The announcement, buried in the section called "Certain Transactions and Relationships," said that "Mr. Barnes, who became a director of Aetna Life & Casualty in 1971, and Miss Franklin, who became a director of Aetna Life & Casualty in 1979, were married in November 1986."

The point is not so much that they are living happily ever after, but that a boardroom match could be made at all. Also, fellow board members barely blinked an eye at the news, said Franklin.

"Ten years ago, I'm not sure people would have stood for this," said Franklin, president and chief executive of Franklin Associates, a management consulting firm, who serves on six boards of major corporations.

In slow but steady increments, women have been tapped to help decide corporate governance issues and share in the pay and perks of directorships -- posts that almost always used to go to men. Some 395 women held 576 directorships last year at 439 of the top 1,000 companies, according to Catalyst, a consulting firm on business and women's issues.

Ten years ago, only 18 percent of America's Fortune 1,000 even thought about having a woman on the board, according to Catalyst. Only 204 women held board positions.

Furthermore, those women who were sitting shoulder-to-shoulder with the pinstripe suits in boardrooms often were chosen more for what they didn't do than for what they could do.
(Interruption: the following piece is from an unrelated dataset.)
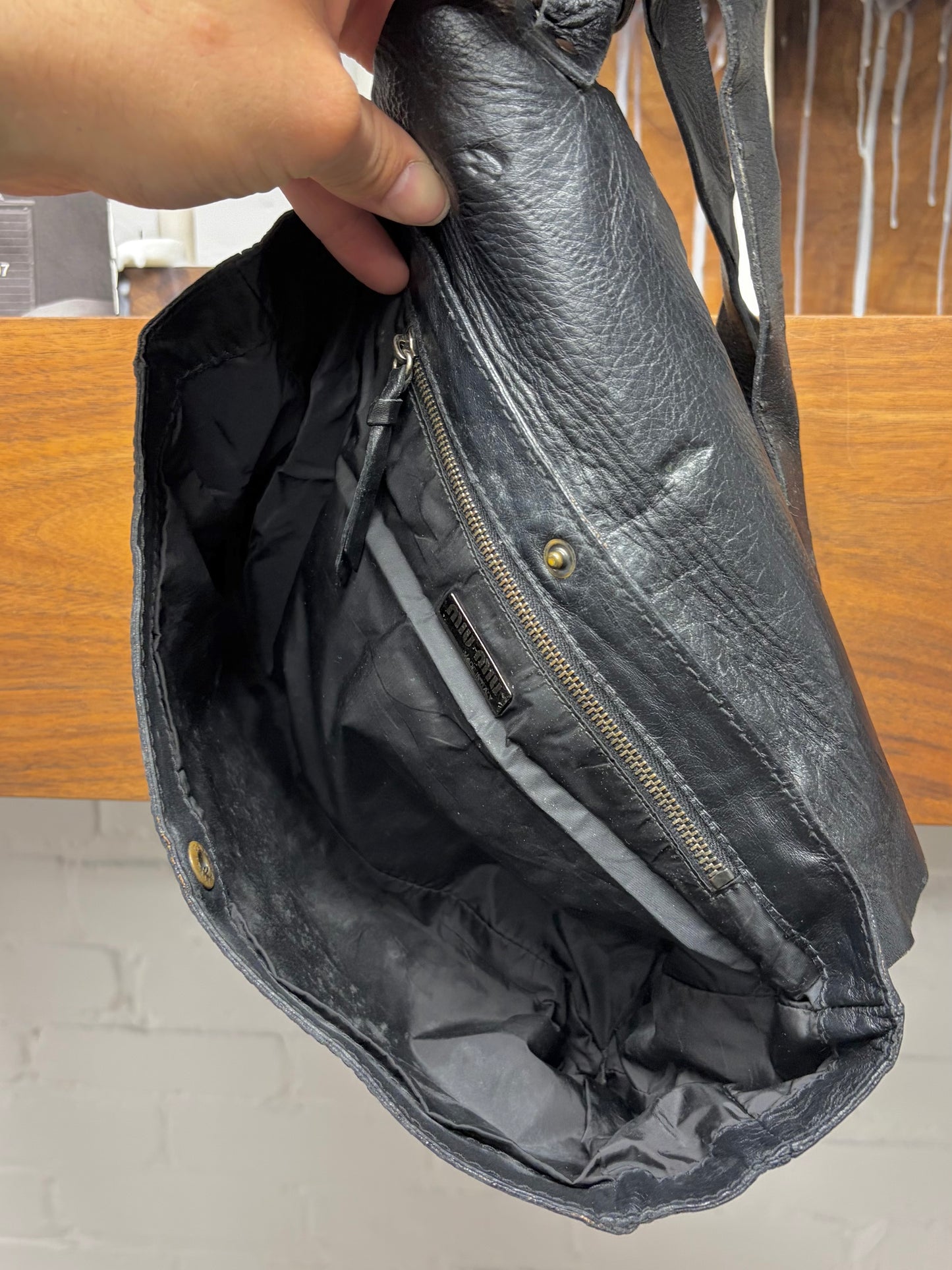 Vintage Miu Miu Faded Black ‘Double Buckle’ Leather Shoulder Bag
"Up until about seven years ago, the chief executive officer who was looking for a woman board member was looking for a woman who was discreet and well-mannered. Someone who kept her shoes on and her hair combed," said Felice N. Schwartz, president of Catalyst. "Today they want a woman with business in her bones who can make a contribution from day one."

The National Women's Economic Alliance Foundation, which will honor 10 of America's female corporate directors for their accomplishments at a dinner here tonight, reported that 405 women currently serve on corporate boards, representing 45 percent of the nations' top 1,000 corporations.
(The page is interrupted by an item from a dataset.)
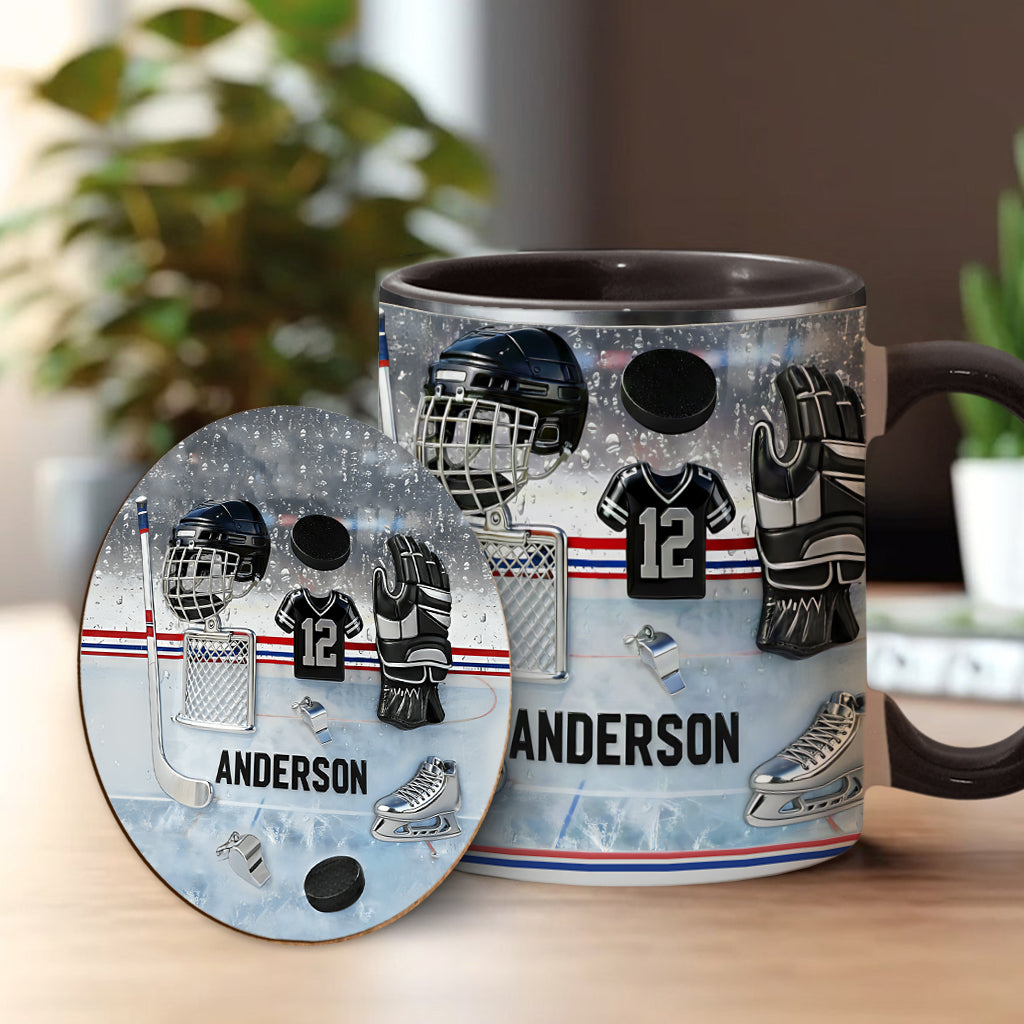 Liebe Eishockey – Personalisierte Tasse und Untersetzer mit Eishockey-Motiv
Korn/Ferry International, a senior management search firm, reported a slight decline in the number of women holding board seats last year, probably because of seats lost through mergers and acquisitions.

This year's Korn/Ferry study of directors, based on a preliminary response of 235 companies, shows that the proportion of companies that have at least one woman on the board has increased to 52 percent. The final report will be published in February.
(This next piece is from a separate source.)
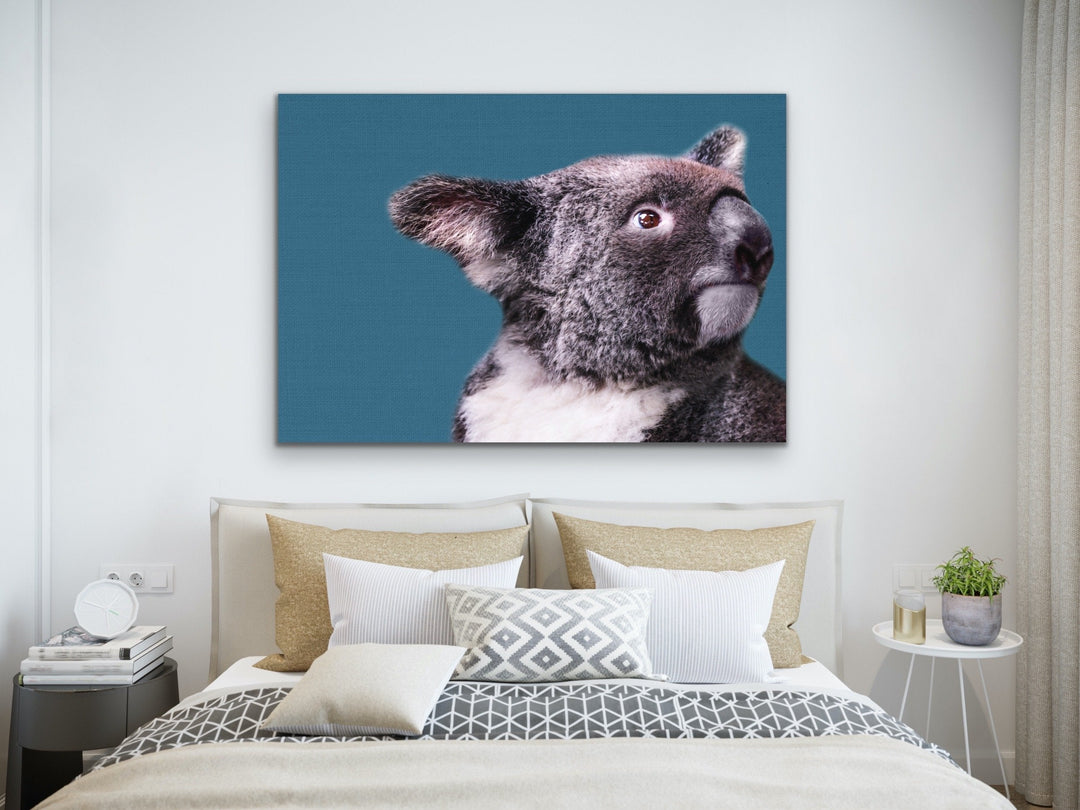 Koala Blue - Koala On Blue Linen Background Stretched Canvas or Art Print - I Heart Wall Art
"The best thing I can say is that it has changed from the exotic to the routine," said Anne L. Armstrong, who serves on the boards of four companies. "I went on in 1975 and we were rarities."

But it continues to be a lonely job for a female director at the 457 companies that have women on the board. Usually, a woman sits alone, though the Alliance survey found that 116 corporations have more than one female director.

The biggest number of female directors was found in the financial, manufacturing and retail sectors, according to that survey.

Overall, women probably hold fewer than 5 percent of the directorships available at the top 1,000 companies. They are even more underrepresented as inside directors for their own companies, experts estimate.

"They are generally on the periphery of business, not the mainstream," said John H. Bryan Jr., chairman and chief executive of Sara Lee Corp., which has two women on its board. "But they make a difference in changing the attitudes of companies."

Bryan said he is concerned that the small breakthroughs that have been made in the boardroom by women will overshadow the real progress that has yet to be made -- into the ranks of top management.

"We have to have a major catchup in women in management to increase their numbers at the board level," said Bryan.

"That can best be done by advancing women to higher management levels. It would be easy to fool oneself and think we have made more progress than we have," he said.

Ascending to the top ranks of management, which has been all but impossible save for a handful of women, is crucial because companies consider the model board member to be "president or chairman, retired or sitting for a company equal in size or larger than we are," said Bryan.

Companies that are filling vacant seats with women are getting pickier. "Board directorships are becoming more important and fewer slots are allocated to women," said Jerry Jasinowski, executive vice president of the National Association of Manufacturers. "The 'ladies slot' just doesn't hold anymore."

Increasingly, women are going onto boards from functional positions within companies. Though Schwartz estimates that the pool of women positioned to go onto boards probably numbers only about 350, there are other factors working in the favor of women.

One of those is that companies are having a difficult time recruiting the typical director, who is male, because of the impact of shareholder suits and legal actions against boards. Also, Korn/Ferry reported that an increasing number of prospective directors turned down the job primarily because it took too much of their time.

Patricia Harrison, president of the National Women's Economic Alliance, said those problems increase female possibilities. "For many women, it's the feeling that this is an opportunity and 'I will take the risk,' " she said.